• Recorded information:

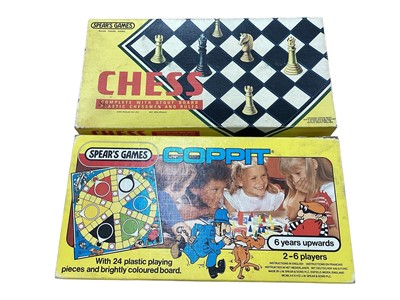 Lot 1943 - Selection of vintage board games including Buccaneer, Monopoly, Coppit and New York, boxed and Top Trumps (1 box)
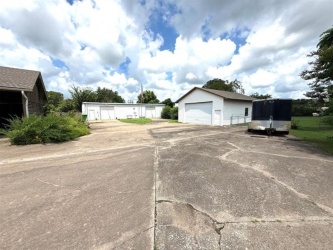 1001 S B St, Henryetta, OK 74437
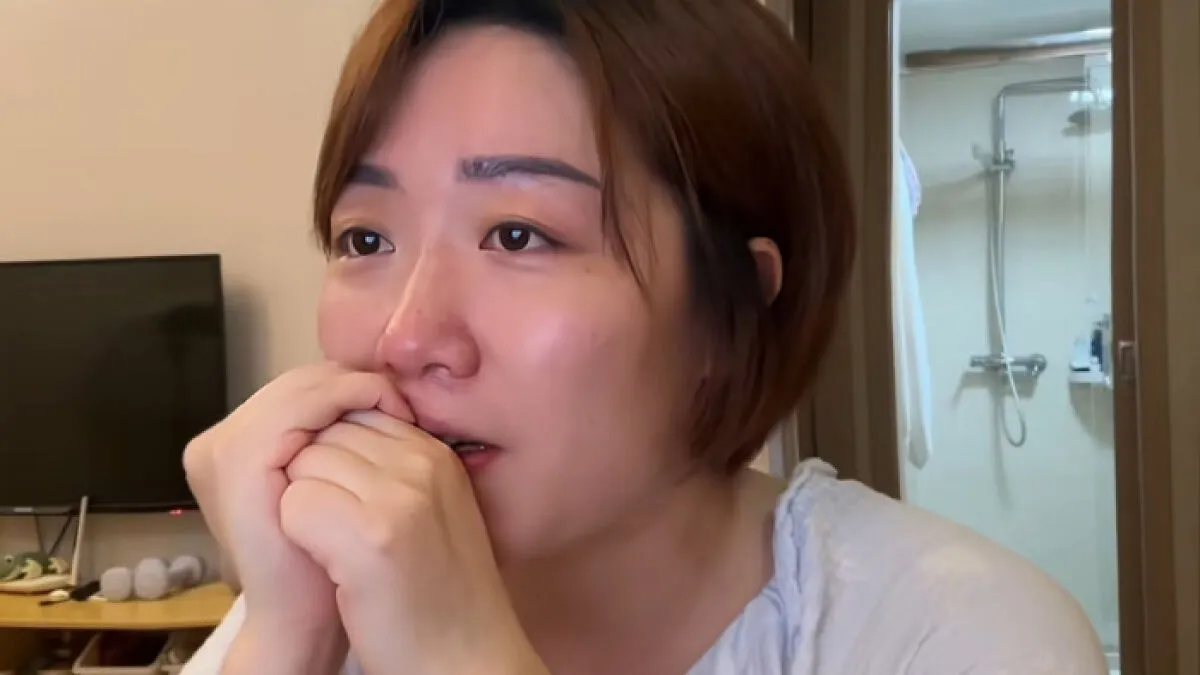 Mom Tried Setting Her Up With a Man Over 50, Then She Opened Up About China's Painful "Leftover Women" Label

• Task brief: Each line from the one holding "1001 S B St, Henryetta, OK 74437" through the final line of the data needs to be transcribed exactly. Include both ends, skip the pictures, and add nothing.

• Your response:
 1001 S B St, Henryetta, OK 74437
 Mom Tried Setting Her Up With a Man Over 50, Then She Opened Up About China's Painful "Leftover Women" Label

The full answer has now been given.